**Exercise details**. Give back the full listing as written. No pictures go with it.

**Data segment**.

↓

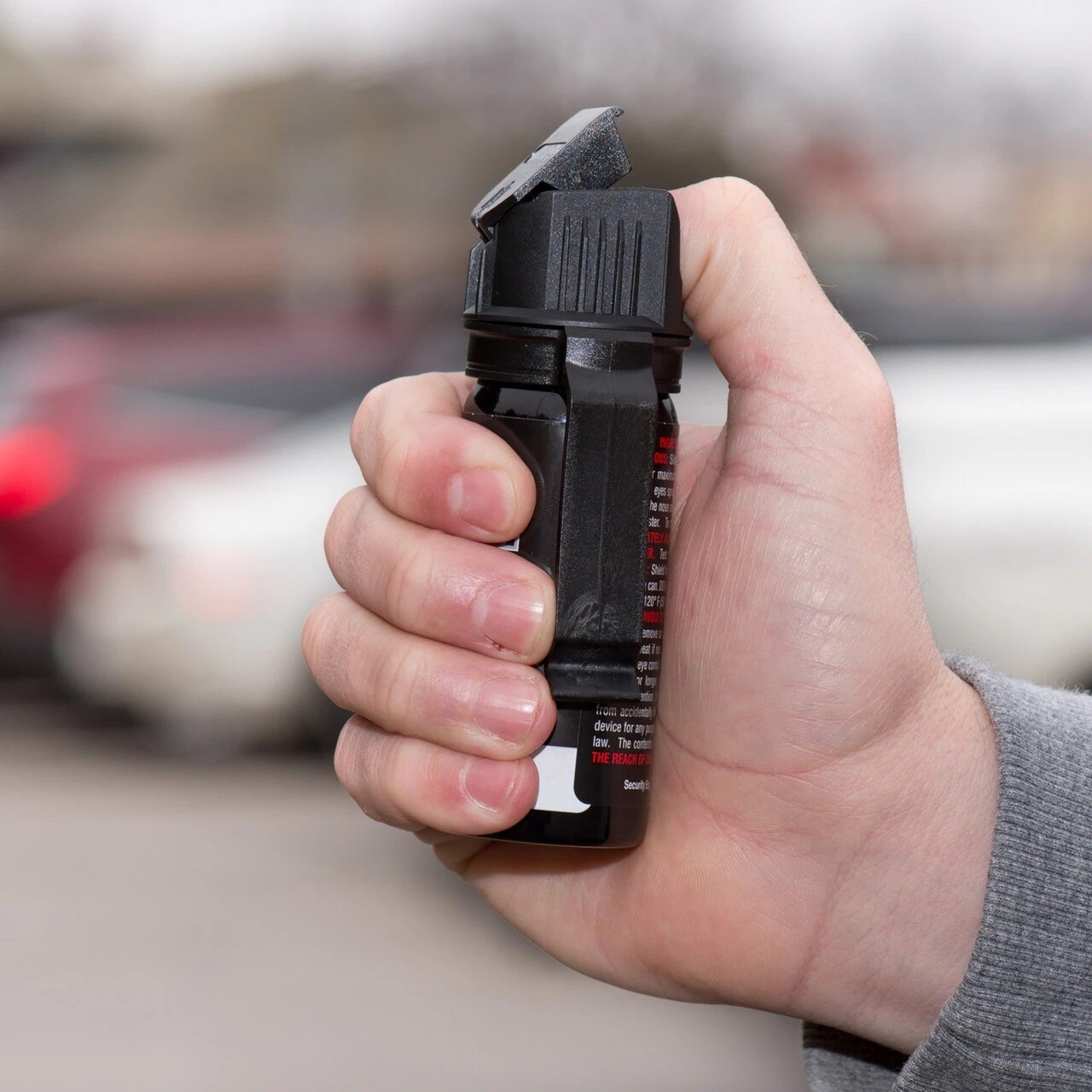 Sabre Red MK3-CFTG-BC Crossfire Animal Pepper Spray 44.3 ml - gel (DE)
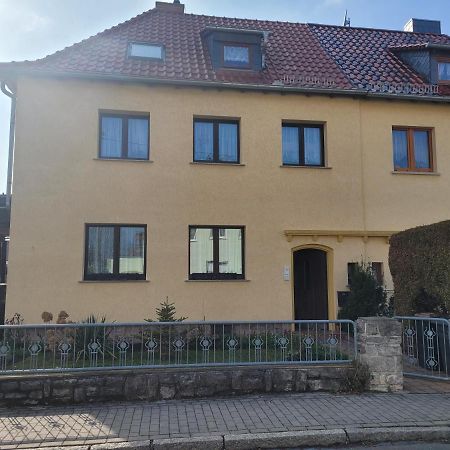 Ferienwohnung Familie Klingohr Erfurt Exterior photo
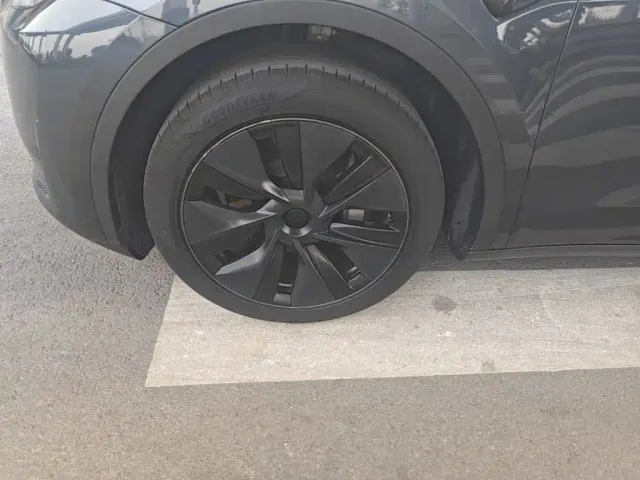Tesla Model Y — Фото автомобиля 22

↑

**The answer**.
 Sabre Red MK3-CFTG-BC Crossfire Animal Pepper Spray 44.3 ml - gel (DE)
 Ferienwohnung Familie Klingohr Erfurt Exterior photo
Tesla Model Y — Фото автомобиля 22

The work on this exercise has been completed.